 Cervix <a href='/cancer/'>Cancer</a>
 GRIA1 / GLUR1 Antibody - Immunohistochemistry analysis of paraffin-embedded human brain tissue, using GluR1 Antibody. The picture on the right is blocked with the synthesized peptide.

---

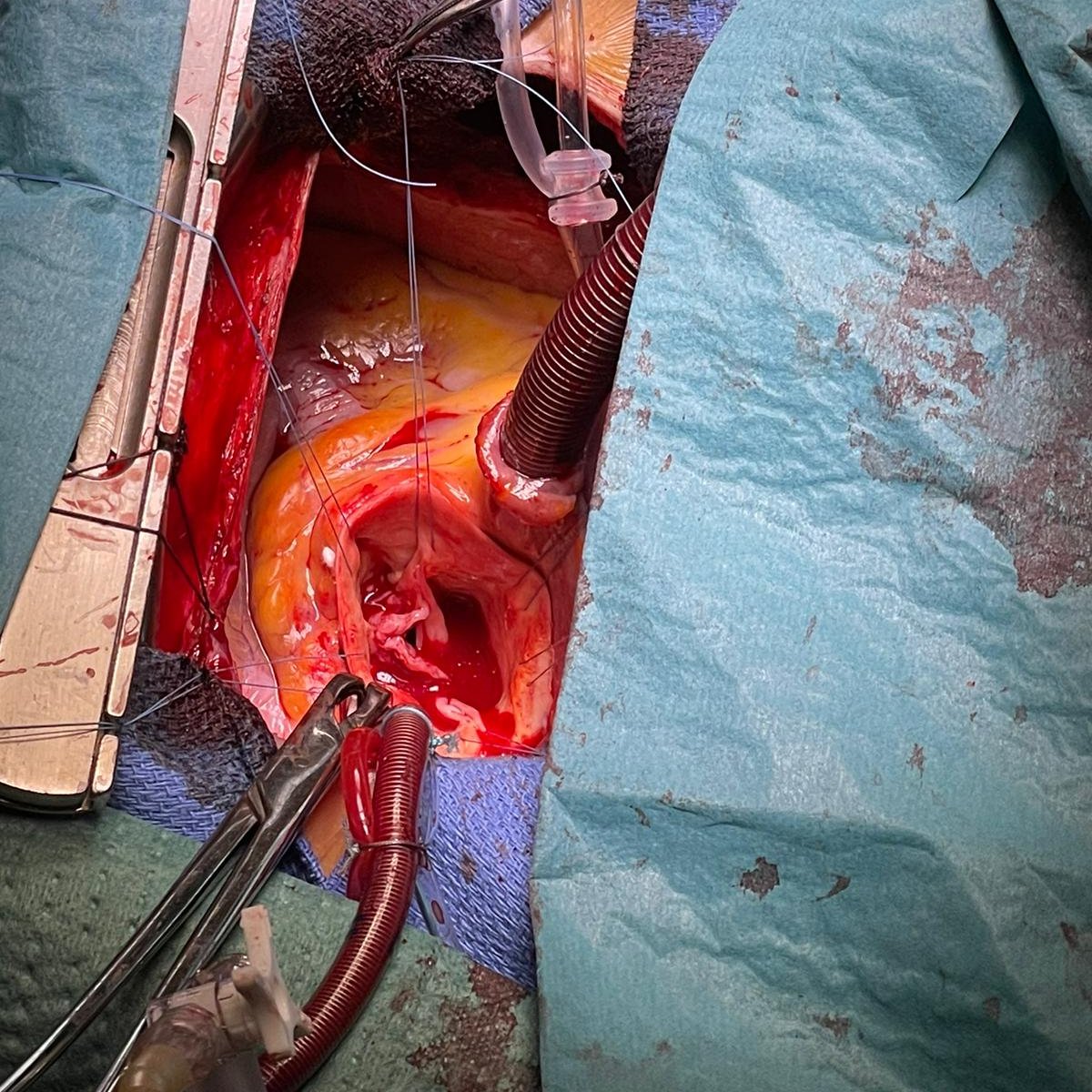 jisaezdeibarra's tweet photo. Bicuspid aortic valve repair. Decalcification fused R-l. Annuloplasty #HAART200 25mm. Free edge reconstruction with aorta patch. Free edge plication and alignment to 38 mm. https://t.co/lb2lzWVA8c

Assignment
Your task is to restate, word for word, only those lines above that fall between the line holding "Cervix <a href='/cancer/'>Cancer</a>" and the line holding "GRIA1 / GLUR1", inclusive.

Solution
 Cervix <a href='/cancer/'>Cancer</a>
 GRIA1 / GLUR1 Antibody - Immunohistochemistry analysis of paraffin-embedded human brain tissue, using GluR1 Antibody. The picture on the right is blocked with the synthesized peptide.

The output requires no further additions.